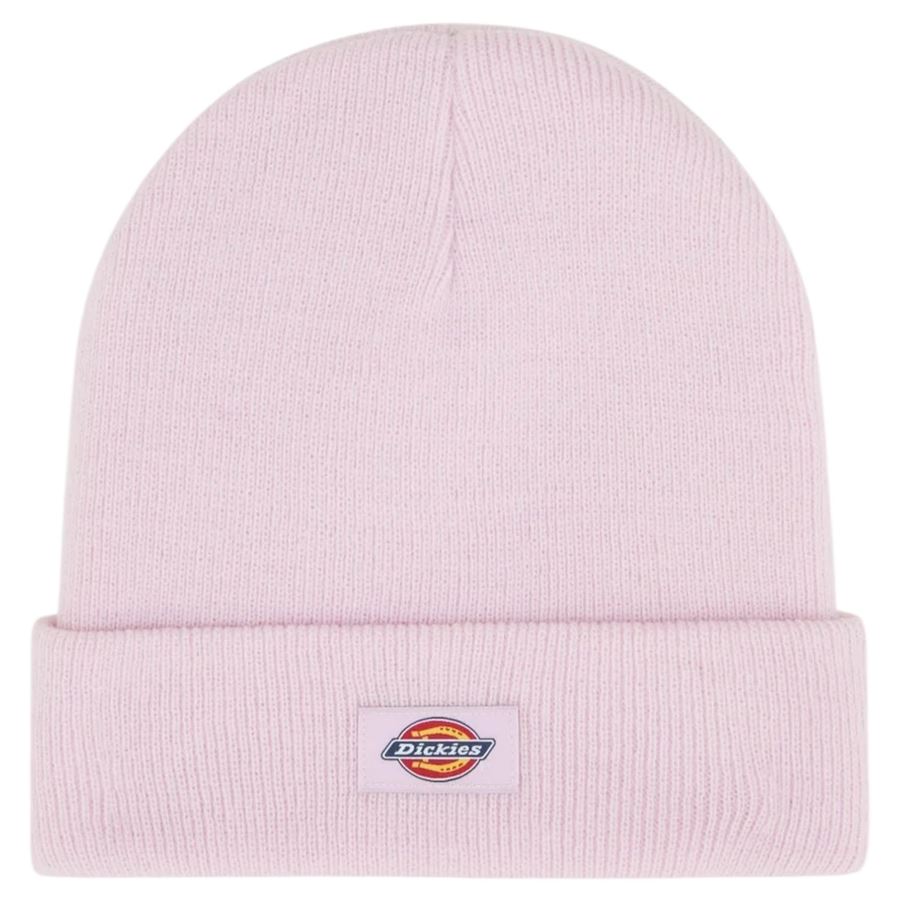  Dickies | DK0A4X7KK73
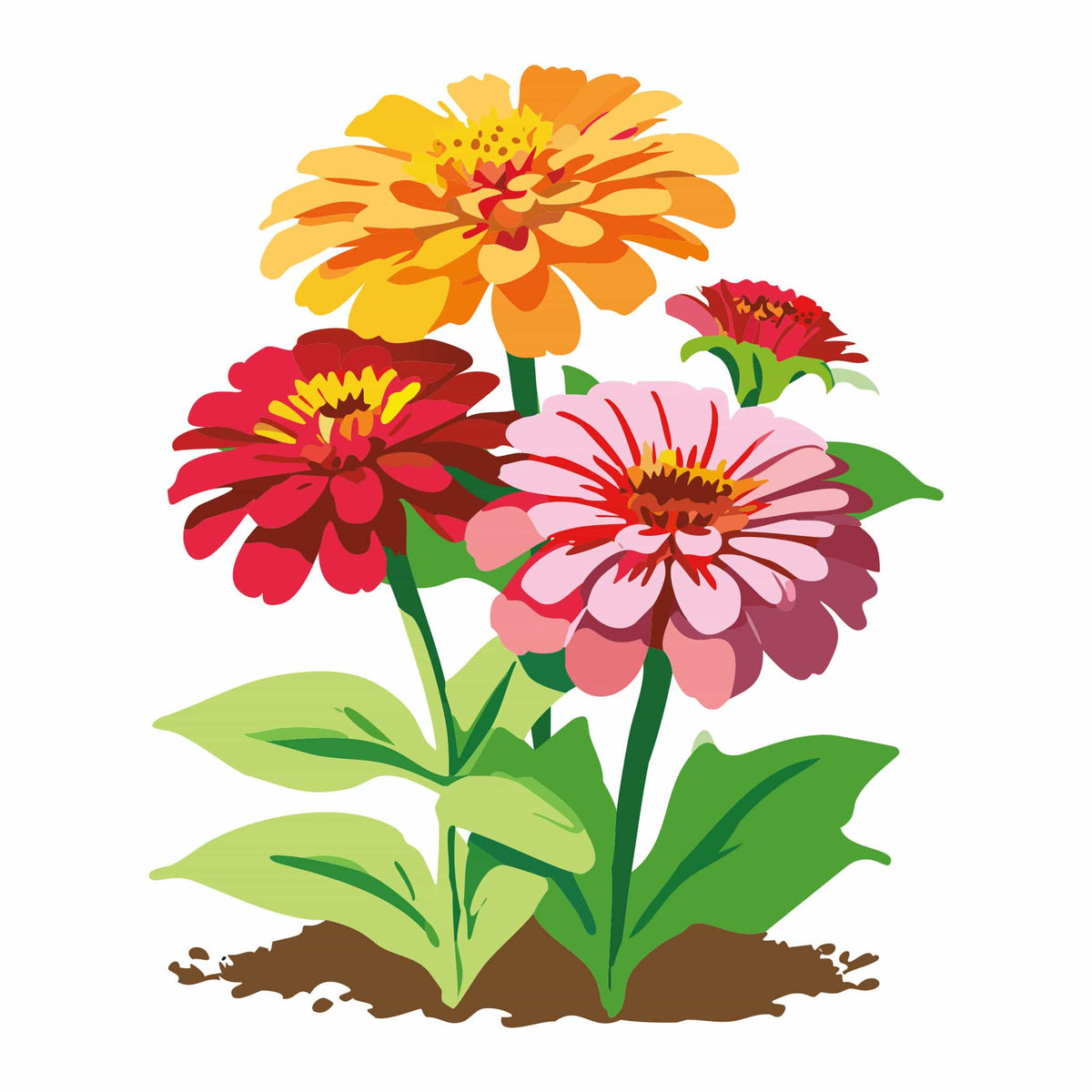 Detailed botanical illustration of vibrant orange, red, and pink State Fair Mix Zinnias on leafy green stems growing out of garden soil, isolated on a plain white background.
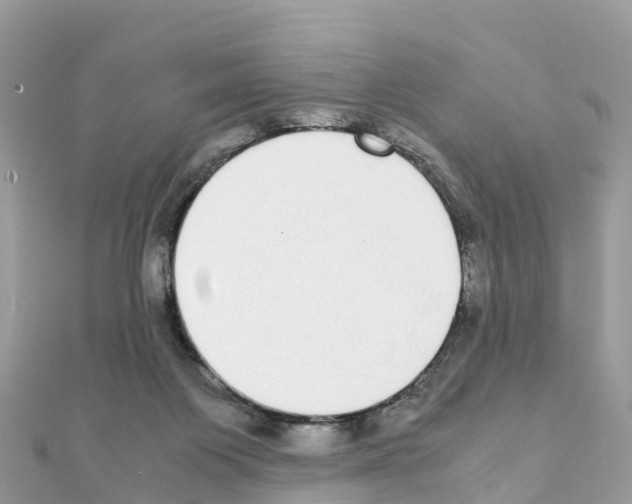 X0000111250119200908131215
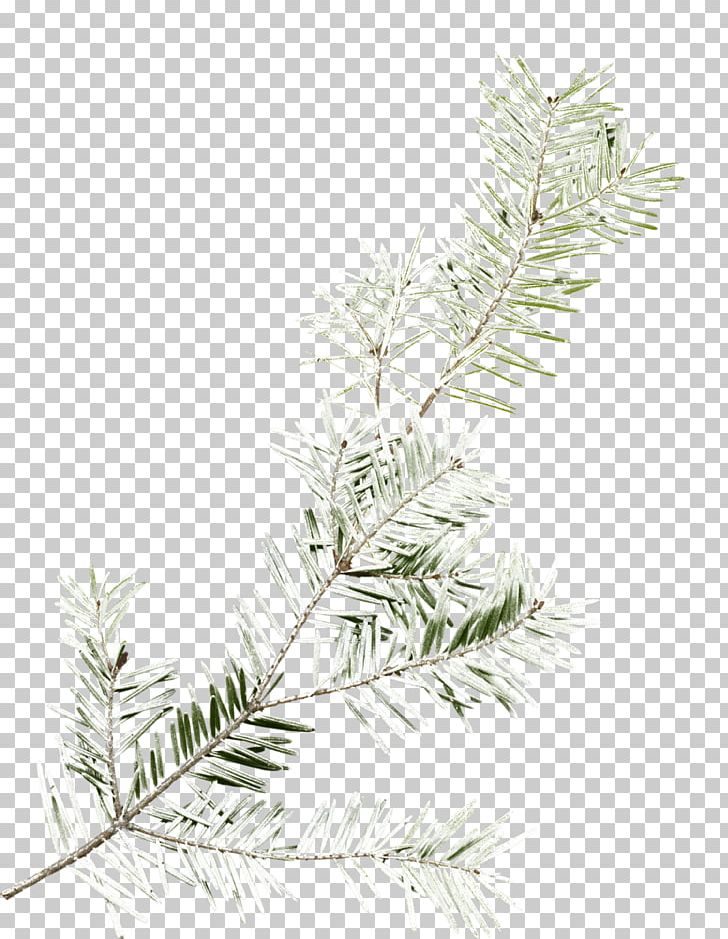 Tree Branch PNG, Clipart, Branch, Conifer, Conifers, Download, Encapsulated Postscript Free PNG Download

==============================

→ WHAT TO WORK ON:
Please retype the data exactly as it appears, but without any of its pictures.

→ COMPLETED TASK:
  Dickies | DK0A4X7KK73
 Detailed botanical illustration of vibrant orange, red, and pink State Fair Mix Zinnias on leafy green stems growing out of garden soil, isolated on a plain white background.
 X0000111250119200908131215
 Tree Branch PNG, Clipart, Branch, Conifer, Conifers, Download, Encapsulated Postscript Free PNG Download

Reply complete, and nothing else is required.